▶ _Activity_
Starting with the line that has "LED Work Lights" in the records below and ending with the line that has "Thermostatic Mixing Valve - Betterlife", output those lines exactly and nothing more; omit the pictures.

Segment Start: Source records

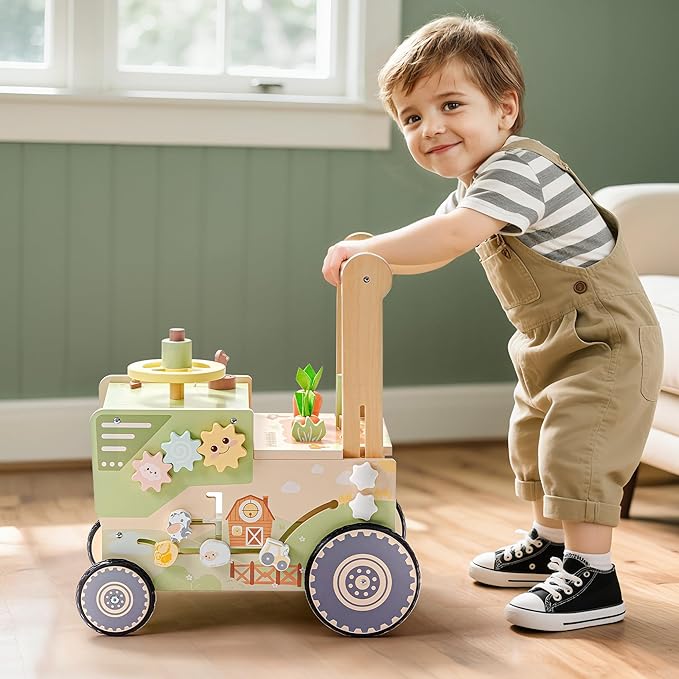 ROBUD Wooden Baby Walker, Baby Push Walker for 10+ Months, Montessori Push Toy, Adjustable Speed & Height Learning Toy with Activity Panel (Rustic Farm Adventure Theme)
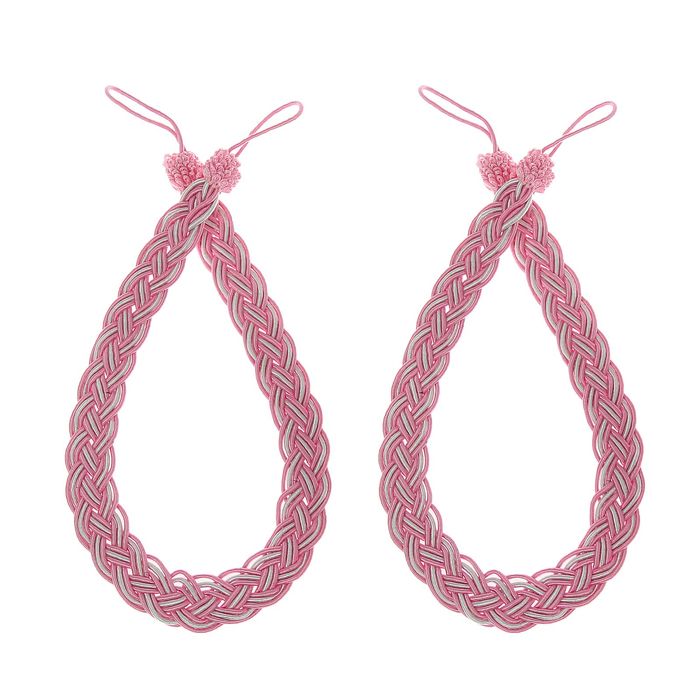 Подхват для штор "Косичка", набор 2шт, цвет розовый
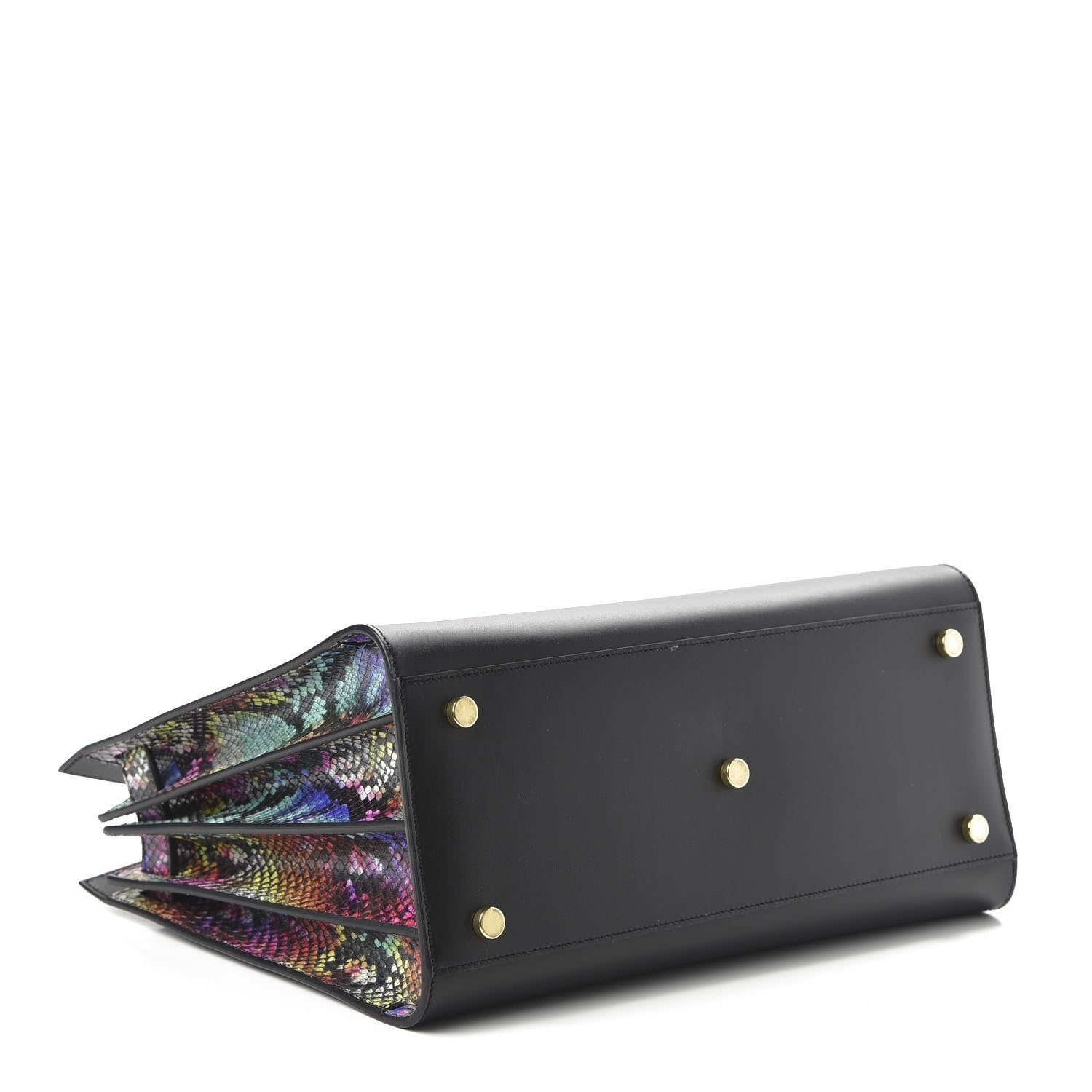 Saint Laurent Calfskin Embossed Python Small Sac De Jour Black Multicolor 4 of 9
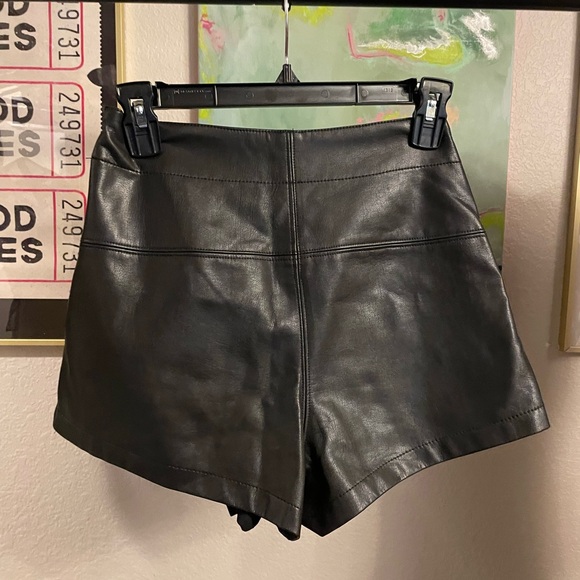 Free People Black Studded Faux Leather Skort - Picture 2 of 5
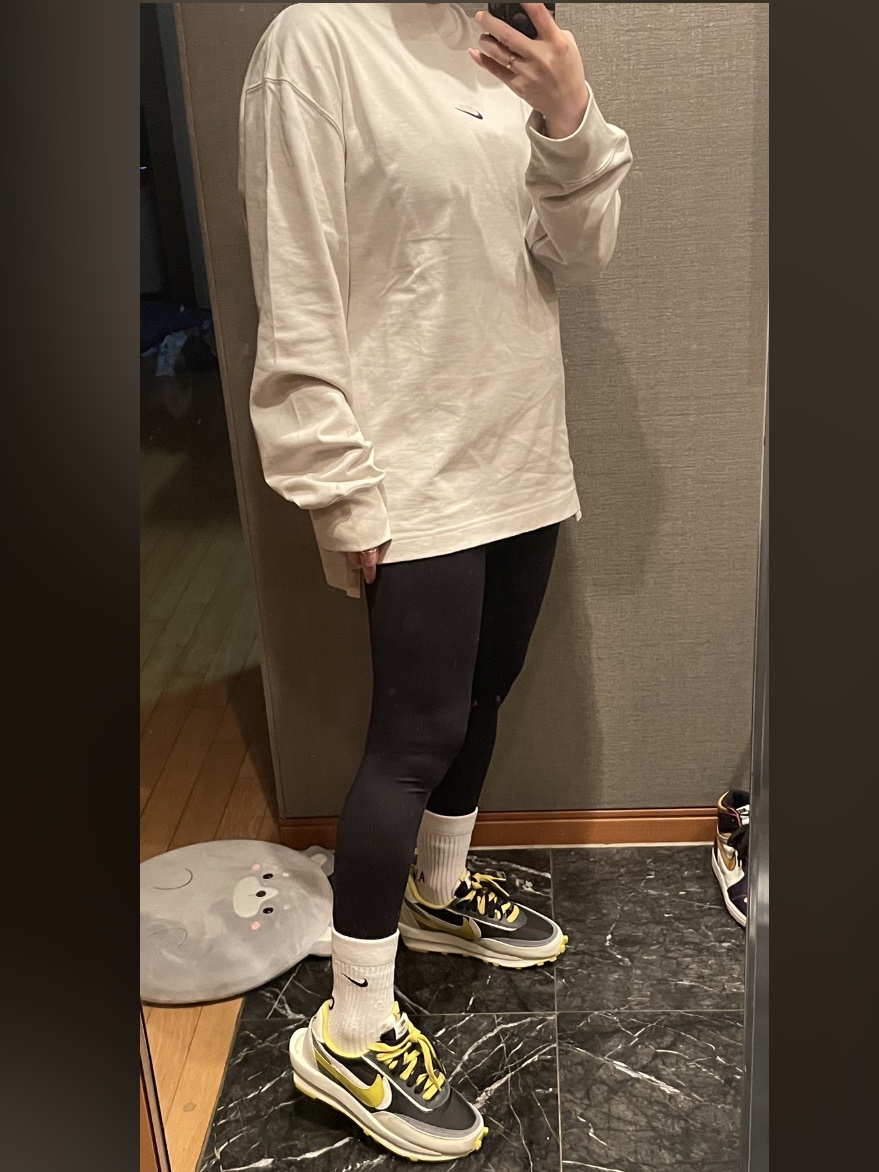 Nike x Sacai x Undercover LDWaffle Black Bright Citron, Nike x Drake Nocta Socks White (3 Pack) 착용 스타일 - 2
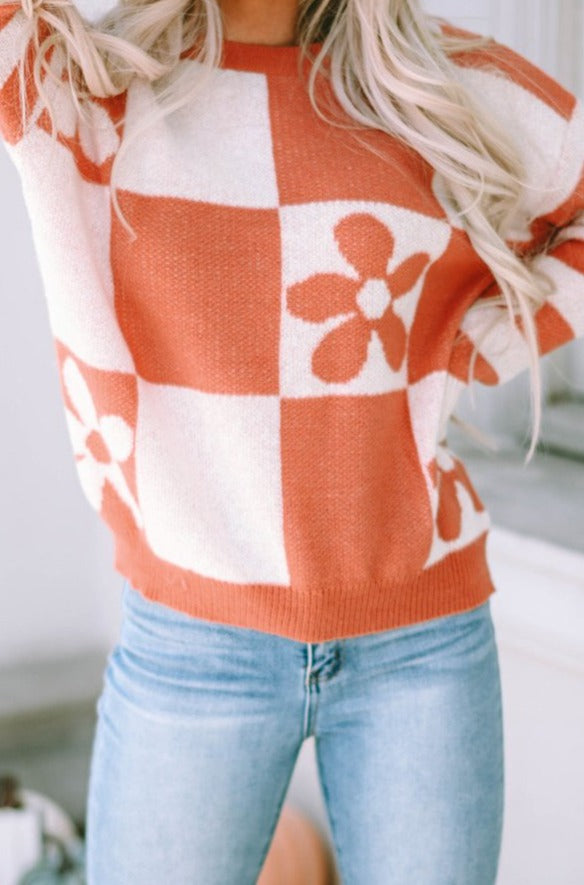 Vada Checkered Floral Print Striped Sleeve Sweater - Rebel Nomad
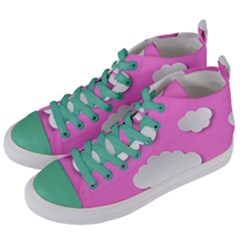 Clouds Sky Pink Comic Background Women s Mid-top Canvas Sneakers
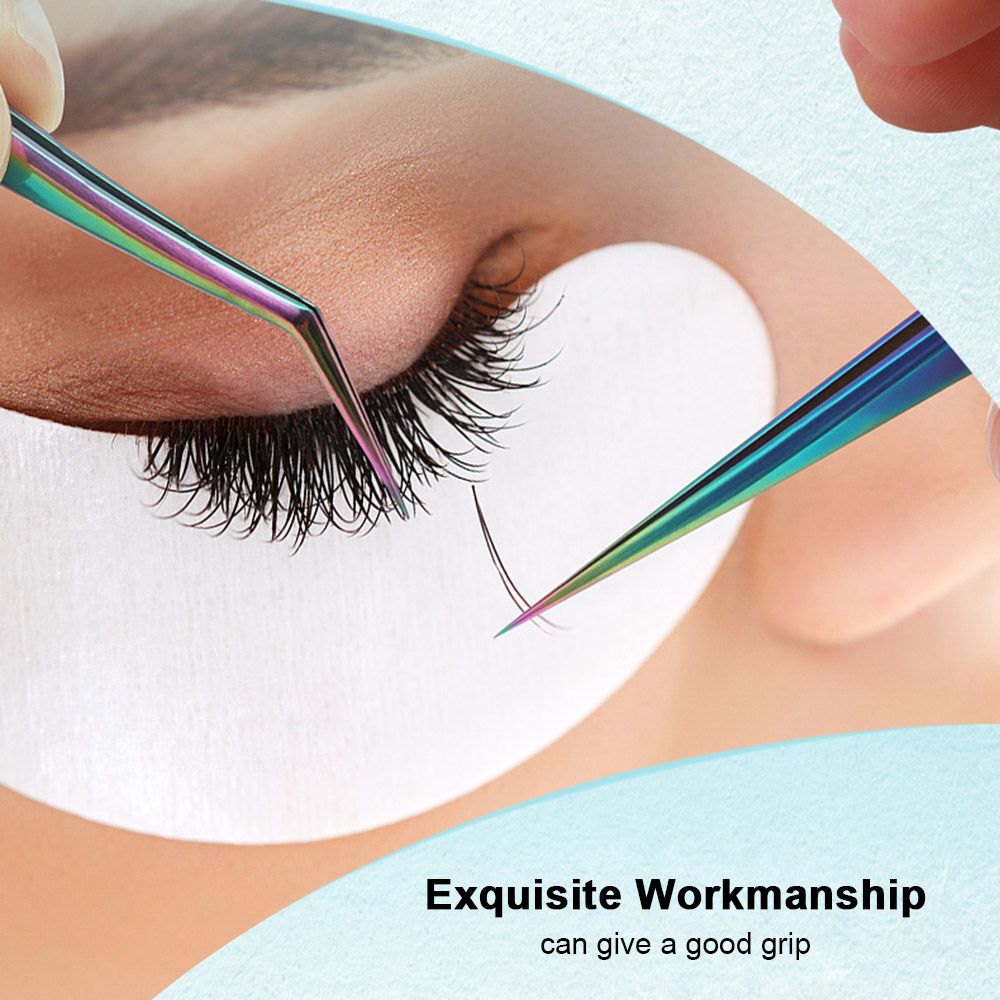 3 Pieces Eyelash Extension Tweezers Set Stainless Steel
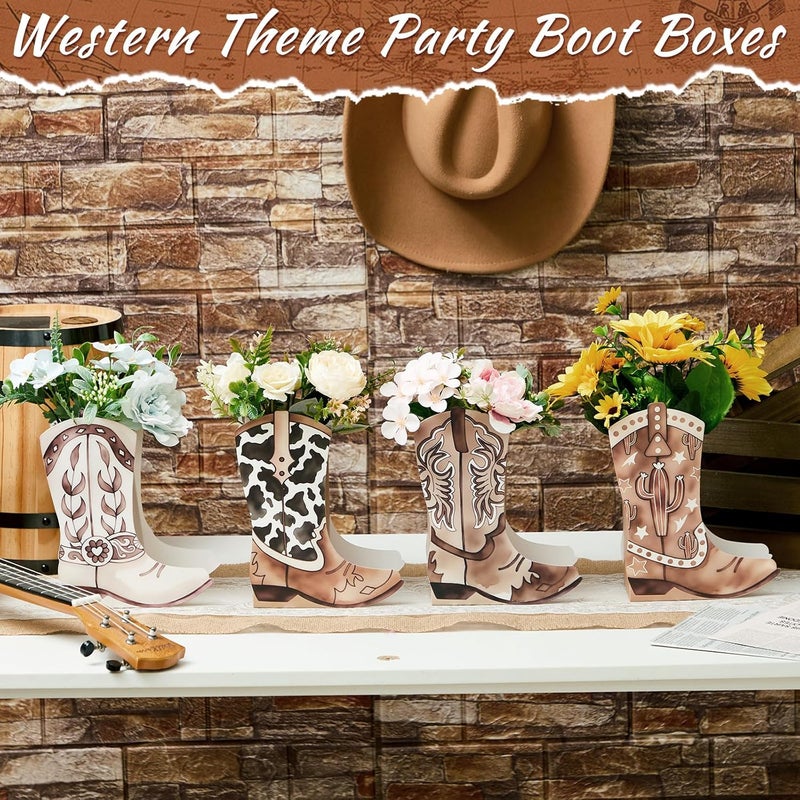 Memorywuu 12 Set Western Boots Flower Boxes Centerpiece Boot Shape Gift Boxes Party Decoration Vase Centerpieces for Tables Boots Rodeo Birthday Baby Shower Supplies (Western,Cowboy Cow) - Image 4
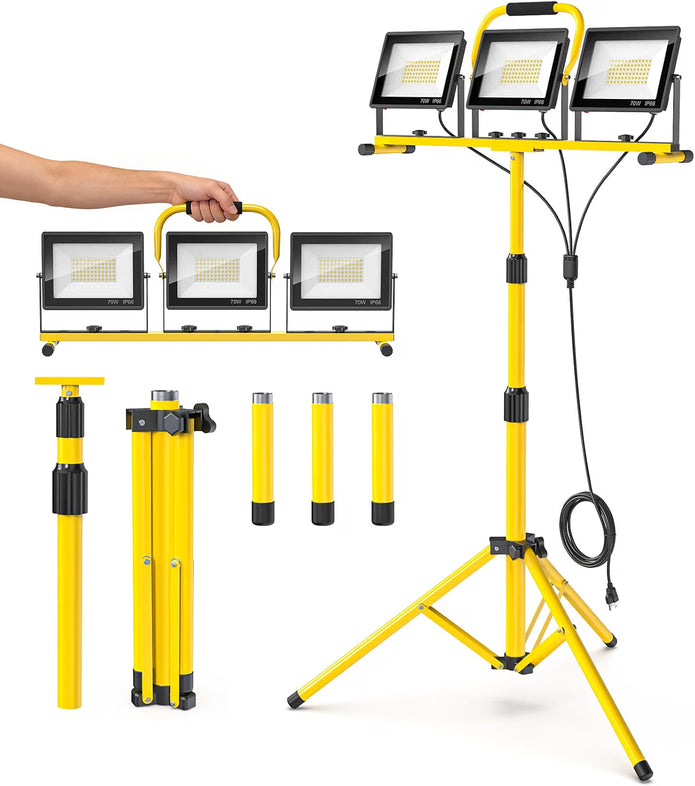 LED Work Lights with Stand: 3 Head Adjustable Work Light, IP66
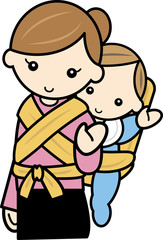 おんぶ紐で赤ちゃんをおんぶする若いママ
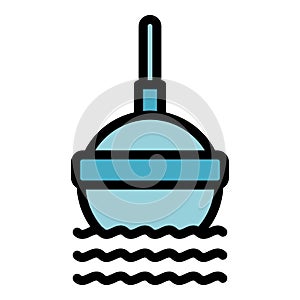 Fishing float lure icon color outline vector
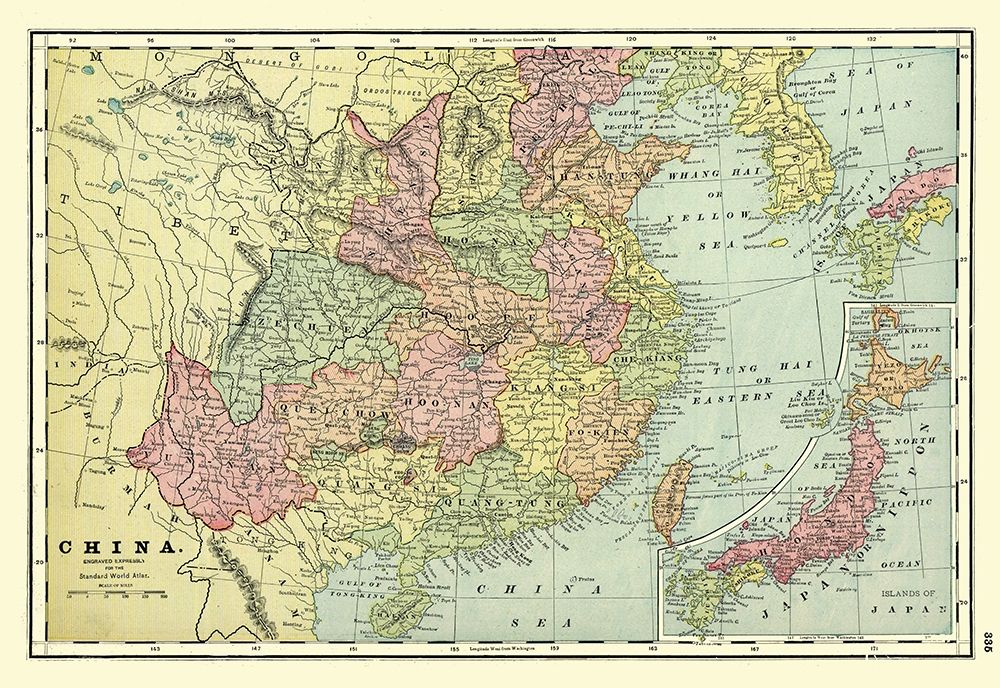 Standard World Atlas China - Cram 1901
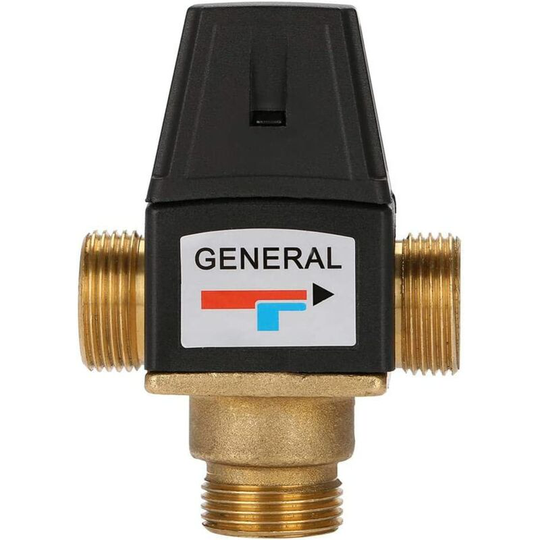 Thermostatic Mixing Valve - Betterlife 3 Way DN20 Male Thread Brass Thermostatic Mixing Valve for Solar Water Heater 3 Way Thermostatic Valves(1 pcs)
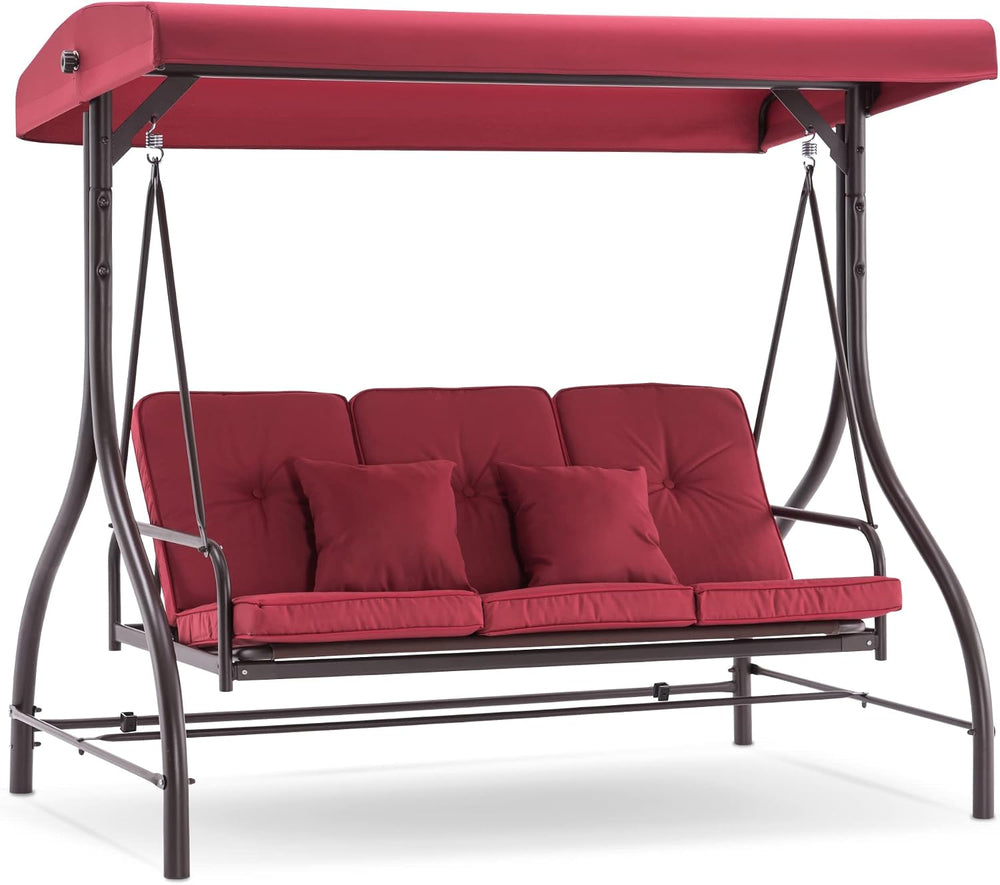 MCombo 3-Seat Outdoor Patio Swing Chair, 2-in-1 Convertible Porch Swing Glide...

Segment End: Source records

▶ _Exercise response_
 LED Work Lights with Stand: 3 Head Adjustable Work Light, IP66
 おんぶ紐で赤ちゃんをおんぶする若いママ
 Fishing float lure icon color outline vector
 Standard World Atlas China - Cram 1901
 Thermostatic Mixing Valve - Betterlife 3 Way DN20 Male Thread Brass Thermostatic Mixing Valve for Solar Water Heater 3 Way Thermostatic Valves(1 pcs)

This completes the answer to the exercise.